N={x in R^n | Ax'=0}, 即 x in N iff. x' in Ker(A),
故 dim(N)+rank(A) = n.
所以,
dim(N) = n - rank(A) = n - (m - dim(W)) = dim(W) + n - m.
(b) 取 V 的一 subdpace Z 使 V 為 Z 與 span(S) 的 direct sum.

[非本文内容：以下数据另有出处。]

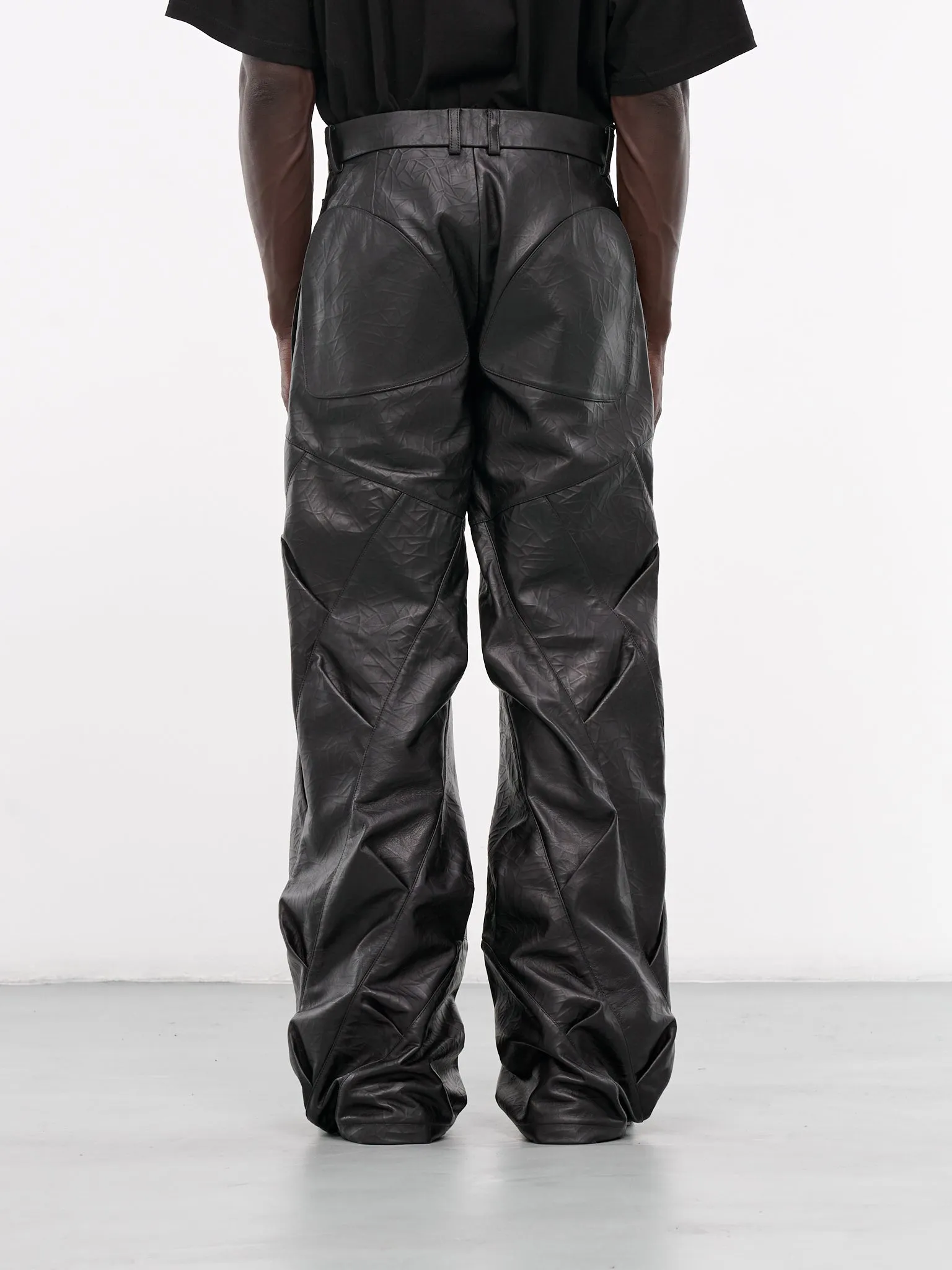 Spiral Trap Leather Trousers (AWLP01-BLACK)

所有 v in V 有唯一方式表示為 v = z + x where z in Z and x in span(S).
故,
U_S = {T in L(V,W) | T(z+x) = T(z) for all z in Z, x in span(S)}
則
dim(U_S) = dim(Z).dim(W) = (dim(V)-dim(span(S))).dim(W)
= (dim(V) - d).dim(W).
2011-05-24 01:17:03 補充:
想問為什麼
U_S = {T in L(V,W) | T(z+x) = T(z) for all z in Z, x in span(S)}之後
為什麼dim(U_S)會等於dim(Z).dim(W)?
因為 T 把 Z 的元素映至 W 並無額外限制.
就像 L(V,W) 的 dimension 是 dim(V).dim(W),
所以 dim(U_S) = dim(Z).dim(W).
2011-05-28 03:15:48 補充:
舉個例子: F=R, V=R^3, W=R^1, S={(0,1,0),(0,0,1)}, 故 d=2.
T(v)=0 for all v in S, 則 T((x,y,z)) = kx, for any (x,y,z) in V, for some k in R.
所以
Us = { T | T(x,y,z) = kx for all (x,y,z) in V }
的 dimension 是 1 = (3-2)*1 而不是 3*1-2^2=-1.